Cependant, comme toute forme d’expression artistique, l’industrie du jeu vidéo peine à sortir du cadre de la superstructure idéologique fournie par le système capitaliste. Tout comme pour l’industrie cinématographique, rares sont les œuvres qui véhiculent une critique des rapports de société. Mais il ne faudrait pas pour autant en conclure que les jeux constituent en soi un outil permettant la reproduction des rapports de production et des oppressions spécifiques si caractéristiques de notre société. Les jeux indépendants constituent ainsi une niche où peuvent s’exprimer et s’expérimenter certaines formes originales. The Stanley Parable en est une illustration remarquable.
Le jeu en question commence par une introduction marquante : « Voici l’histoire d’un homme appelé Stanley. Stanley travaille pour une entreprise dans un grand building, où il était l’employé numéro 427. Le travail de l’employé 427 était simple. Il s’asseyait devant son bureau dans le local 427 et appuyait sur des boutons du clavier. Les ordres venaient à lui à travers un écran, lui disant quels boutons appuyer, combien de temps les appuyer, et l’ordre dans lesquels il devait les appuyer. Voici ce que l’employé 427 faisait chaque, chaque jour, chaque mois, chaque année. Et si certains pourraient considérer ce travail insupportable, Stanley appréciait les ordres qui lui étaient donnés, comme s’il avait été fait pour ce travail. Stanley était heureux. » [1]
Un formidable clin d’œil aux conditions de travail des catégories les plus surexploitées des travailleurs ? Fort probablement. Mais le jeu n’est pas une critique du travail salarié pour autant. L’intrigue commence lorsque, après plusieurs heures sans avoir reçu de messages sur son écran, Stanley se rend compte que tous ses collègues semblent avoir déserté le bâtiment. C’est alors que débute l’aventure dont le but sera de découvrir ce qu’il se passe.
Pas de graphismes ultra-réalistes éblouissants ici. Les couloirs que vous arpentez sont gris et austères, et se ressemblent tous. Pas d’armes à feu automatiques, grenades ou explosifs en tout genre non plus. Le jeu se présente plutôt comme un jeu banal à la première personne où vous parcourez seul les méandres de cet énorme bâtiment dans le seul but de découvrir où sont passés tous vos collègues de travail. Pas vraiment seul cependant, car vous serez constamment accompagné de la voix off du narrateur. Et c’est précisément sur cet aspect que The Stanley Parable base toute son ingéniosité.
A de nombreux moments, vous vous retrouverez dans des situations où vous aurez la possibilité de ne pas suivre les injonctions de la narration. Si par exemple vous avez deux portes devant vous, et que le narrateur vous dit de prendre celle de droite, vous pouvez parfaitement prendre celle de gauche. Vous avez donc l’illusion d’avoir une vraie marge de liberté dans l’histoire.

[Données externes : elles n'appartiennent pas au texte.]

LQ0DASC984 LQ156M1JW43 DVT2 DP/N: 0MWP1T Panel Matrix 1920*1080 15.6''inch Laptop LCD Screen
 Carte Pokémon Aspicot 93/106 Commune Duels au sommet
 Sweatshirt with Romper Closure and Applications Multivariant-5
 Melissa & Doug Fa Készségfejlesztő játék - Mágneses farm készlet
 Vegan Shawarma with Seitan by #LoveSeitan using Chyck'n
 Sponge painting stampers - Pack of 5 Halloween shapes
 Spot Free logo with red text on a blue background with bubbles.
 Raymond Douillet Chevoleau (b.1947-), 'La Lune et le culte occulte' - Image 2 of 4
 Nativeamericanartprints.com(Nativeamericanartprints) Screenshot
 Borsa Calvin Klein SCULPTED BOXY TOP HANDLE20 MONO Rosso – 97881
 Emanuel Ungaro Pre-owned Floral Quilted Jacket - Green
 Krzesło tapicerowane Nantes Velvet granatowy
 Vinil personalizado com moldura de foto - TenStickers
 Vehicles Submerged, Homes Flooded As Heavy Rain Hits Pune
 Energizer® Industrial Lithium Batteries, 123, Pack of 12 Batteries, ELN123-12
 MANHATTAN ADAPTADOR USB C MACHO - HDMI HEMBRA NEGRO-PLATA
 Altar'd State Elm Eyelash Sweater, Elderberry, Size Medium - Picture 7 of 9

Pourquoi l’illusion ? Parce que quoi que vous fassiez, le narrateur le savait. Le narrateur l’avait prédit. Et si les choix que vous réalisez ne cadrent vraiment pas dans la narration, vous êtes tout simplement ramené au point de départ.
Même chose dans ce système capitaliste dont la persistance dépend de l’illusion de liberté qui lui est associée. Mais les espaces de liberté varient en fonctions des conditions matérielles qui font notre existence, et dont on ne peut s’affranchir individuellement. L’émancipation collective ne pourra se passer de l’égalisation de ces conditions matérielles, ce qui rentre en contradiction avec les principes mêmes de ce système. Pour l’émancipation donc, il faut s’affranchir de la narration capitaliste.